[Stored items]
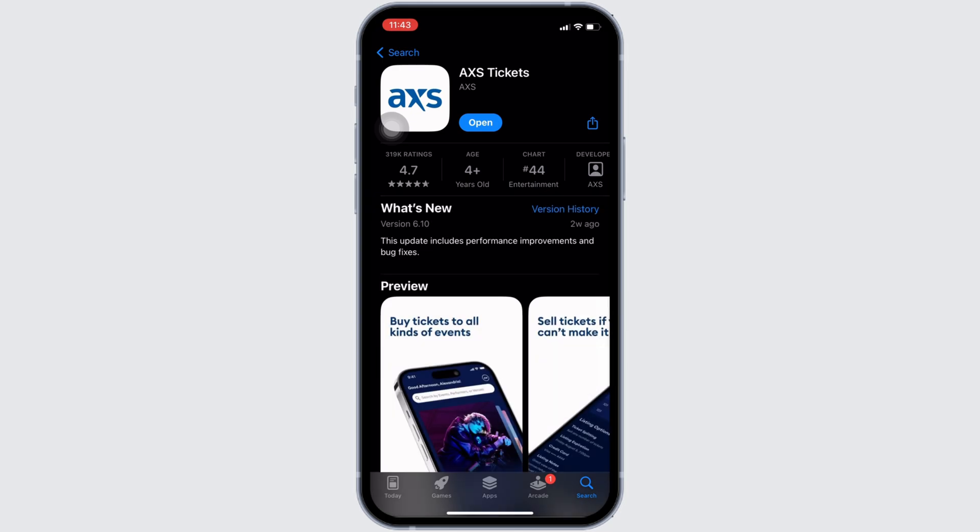Right here, instead of open, if it shows you an option of update, then your application is not up to date and it might be one of the reasons that you are facing this issue. If that's the case, tap on update and update your application to the latest version.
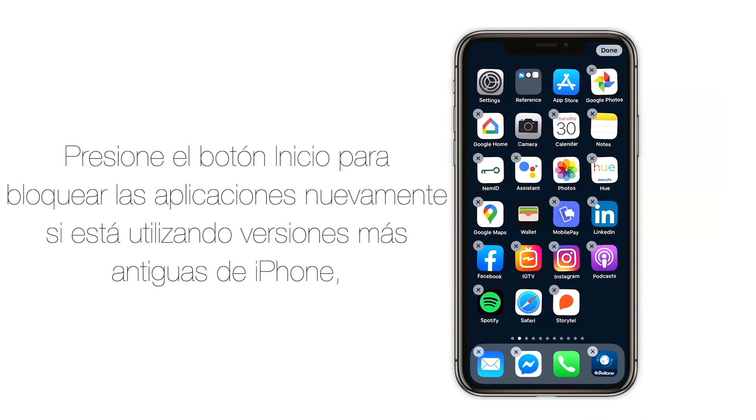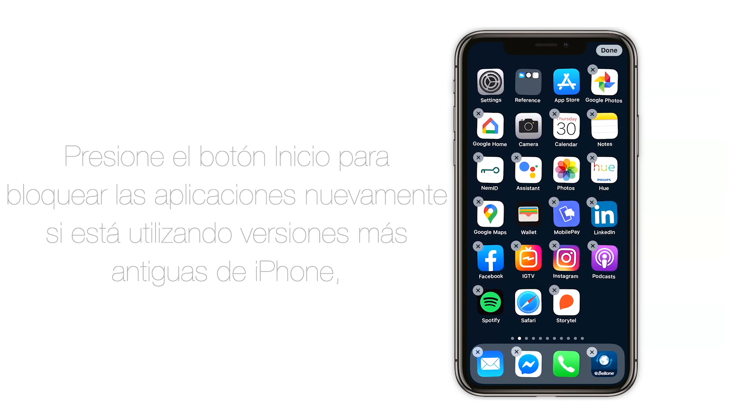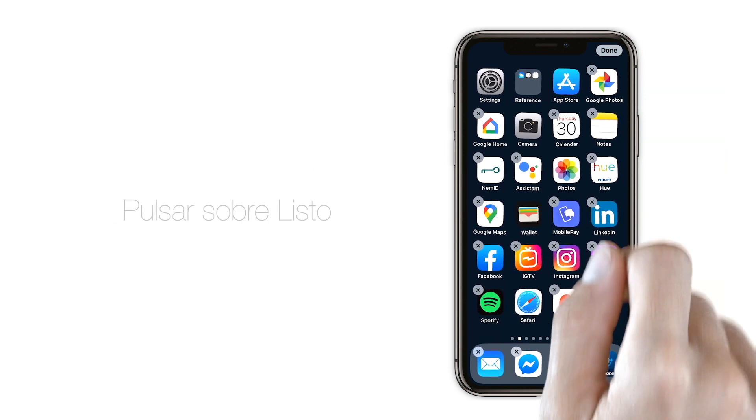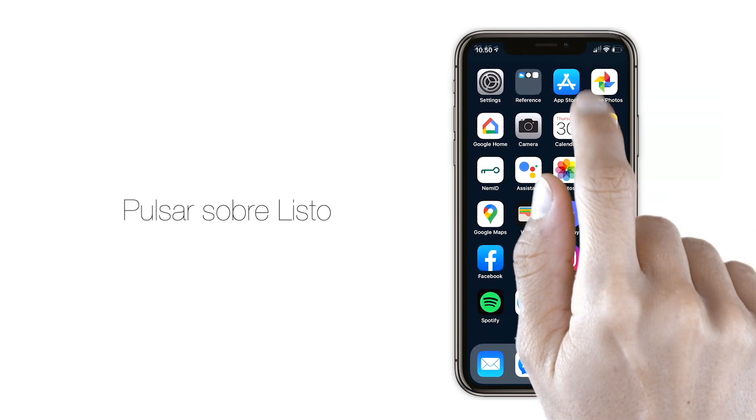Press Home button to lock your apps again if you're using an older iPhone, or simply press Done in the right top corner.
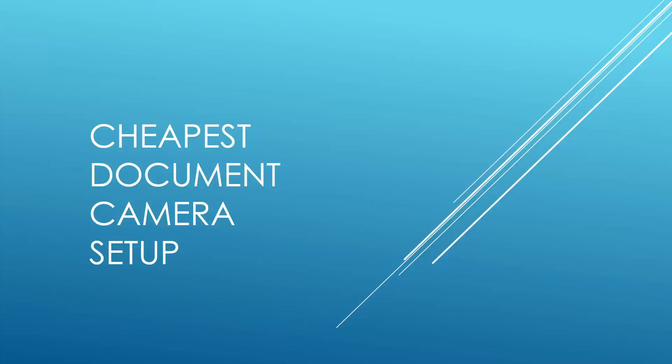Hello and welcome to my cheapest document camera setup presentation. So why are we looking for a cheap solution?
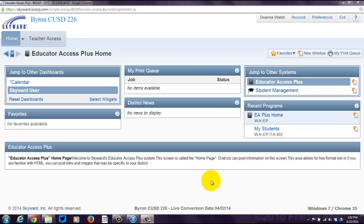The purpose of this screencast is to talk about how to take attendance in your Skyward gradebook. This is for teachers teaching K-2. If you're teaching grades 3-12, this is not for you. Go to another screencast. K-2 teachers, stay with me.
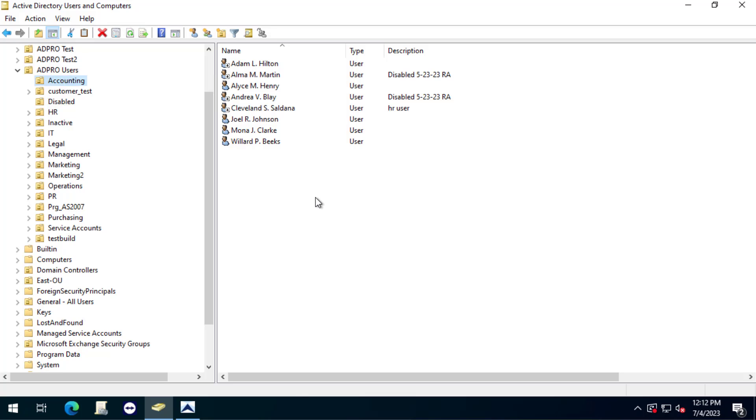In this video I'm going to show you how to find disabled users and move them to another OU.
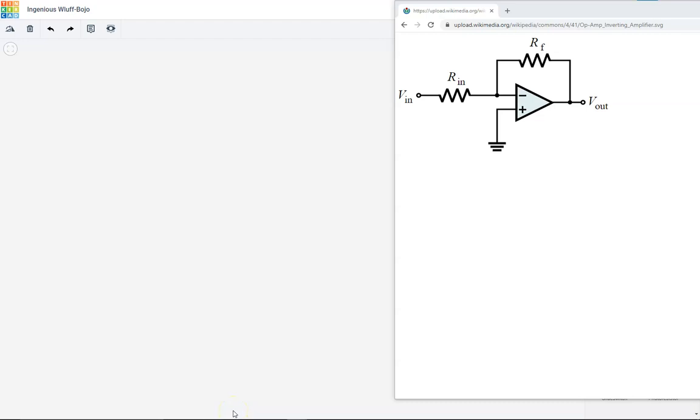Alright, welcome back. In this tutorial, we're going to look at how to use the Tinkercad interface to breadboard an inverting amplifier, and then we'll use a dual power supply to power an op amp.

**WORK ORDER:** In the entries above, which lines run from the one with "Press Home button" up to and including the one with "The purpose of"? Write them out exactly, without the pictures.

**OUTPUT FOR THIS TASK:**
Press Home button to lock your apps again if you're using an older iPhone, or simply press Done in the right top corner.
Hello and welcome to my cheapest document camera setup presentation. So why are we looking for a cheap solution?
The purpose of this screencast is to talk about how to take attendance in your Skyward gradebook. This is for teachers teaching K-2. If you're teaching grades 3-12, this is not for you. Go to another screencast. K-2 teachers, stay with me.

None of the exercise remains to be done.